VEFA : RETARD DE LIVRAISON (199 JOURS) NON JUSTIFIE

IMMOBILIER : VEFA et surface habitable

VEFA : RETARD DE LIVRAISON (199 JOURS) NON JUSTIFIE

Cour d’appel de Caen, 2e chambre, 4 mars 2021, RG n° 19/01224

Il résulte de l’acte authentique de vente du 3 septembre 2015 que « le vendeur s’oblige à livrer les locaux au plus tard le 30 avril 2016« . Il est prévu que le « délai d’achèvement est convenu sous réserve de survenance d’un cas de force majeure ou d’une cause légitime de suspension du délai.

Pour l’application de cette disposition, seraient considérées comme cause légitime de suspension dudit délai : les grèves, les intempéries, le redressement ou la liquidation judiciaire des ou de l’une des entreprises effectuant les travaux ou encore de leurs fournisseurs, les injonctions administratives ou judiciaires de suspendre ou d’arrêter les travaux, les troubles résultant d’hostilité, révolutions, cataclysmes ou accidents de chantier, les retard imputables aux compagnies concessionnaires .

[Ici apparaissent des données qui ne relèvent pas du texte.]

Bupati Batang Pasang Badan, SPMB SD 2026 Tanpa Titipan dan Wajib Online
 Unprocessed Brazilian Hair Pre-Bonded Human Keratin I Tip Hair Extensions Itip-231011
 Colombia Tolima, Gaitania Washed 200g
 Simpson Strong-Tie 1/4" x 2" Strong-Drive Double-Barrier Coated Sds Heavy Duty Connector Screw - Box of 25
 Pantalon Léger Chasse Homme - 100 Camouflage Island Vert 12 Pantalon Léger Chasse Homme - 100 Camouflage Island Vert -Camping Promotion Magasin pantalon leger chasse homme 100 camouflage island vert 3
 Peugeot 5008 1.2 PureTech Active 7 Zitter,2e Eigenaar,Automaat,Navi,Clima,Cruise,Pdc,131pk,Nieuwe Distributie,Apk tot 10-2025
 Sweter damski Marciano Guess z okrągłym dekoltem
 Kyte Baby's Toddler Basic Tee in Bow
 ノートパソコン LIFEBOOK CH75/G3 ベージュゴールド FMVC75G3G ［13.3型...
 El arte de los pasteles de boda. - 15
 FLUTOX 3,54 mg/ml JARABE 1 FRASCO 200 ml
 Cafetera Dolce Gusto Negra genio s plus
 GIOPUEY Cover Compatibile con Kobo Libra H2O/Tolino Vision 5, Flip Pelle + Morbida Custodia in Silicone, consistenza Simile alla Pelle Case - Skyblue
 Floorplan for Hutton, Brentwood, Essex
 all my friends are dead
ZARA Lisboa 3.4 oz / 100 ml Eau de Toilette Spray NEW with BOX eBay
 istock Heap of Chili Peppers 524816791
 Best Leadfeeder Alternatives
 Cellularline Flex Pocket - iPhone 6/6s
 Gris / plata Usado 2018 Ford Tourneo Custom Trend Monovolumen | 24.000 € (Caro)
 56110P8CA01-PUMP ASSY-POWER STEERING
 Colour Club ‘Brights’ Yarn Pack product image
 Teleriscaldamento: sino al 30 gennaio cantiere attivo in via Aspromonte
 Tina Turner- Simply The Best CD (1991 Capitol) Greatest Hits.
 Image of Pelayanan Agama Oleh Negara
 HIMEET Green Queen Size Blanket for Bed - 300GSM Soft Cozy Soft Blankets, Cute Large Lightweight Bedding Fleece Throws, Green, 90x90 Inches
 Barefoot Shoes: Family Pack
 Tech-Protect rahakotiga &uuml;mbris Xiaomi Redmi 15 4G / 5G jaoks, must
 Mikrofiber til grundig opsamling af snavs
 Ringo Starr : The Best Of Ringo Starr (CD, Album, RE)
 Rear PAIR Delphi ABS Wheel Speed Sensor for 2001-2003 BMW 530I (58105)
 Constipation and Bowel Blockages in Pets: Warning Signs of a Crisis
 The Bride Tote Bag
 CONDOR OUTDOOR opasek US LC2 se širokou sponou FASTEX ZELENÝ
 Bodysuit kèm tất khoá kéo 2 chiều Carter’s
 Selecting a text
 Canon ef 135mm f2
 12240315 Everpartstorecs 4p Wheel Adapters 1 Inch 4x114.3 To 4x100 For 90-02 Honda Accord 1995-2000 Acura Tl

Pour l’appréciation des événements ci-dessus évoqués , les parties d’un commun accord déclarent s’en rapporter dès à présent à un certificat établi par l’architecte ayant la direction des travaux, sous sa propre responsabilité . »

Ce type de clause ne saurait produire effets de plein droit et reste soumise à l’appréciation souveraine du juge, le seul fondé à en examiner le bien fondé en fonction des circonstances.

Il n’est pas contesté que l’immeuble n’a été livré aux époux L’H. que le 18 novembre 2016, soit avec un retard de 199 jours.

La cause de ce retard telle qu’invoquée par la société Marie Jean, venderesse, soit le défaut de paiement des sous traitants par le maître d’oeuvre, ne fait pas partie des causes ci-dessus énoncées, et ne saurait être ainsi opposée aux époux L’H., acquéreurs.

La liquidation judiciaire de la société Espace 2 Vie Budget intervenue le 9 novembre 2016, soit quelques jours avant la livraison de la maison, ne peut avoir aucune incidence sur le retard accumulé.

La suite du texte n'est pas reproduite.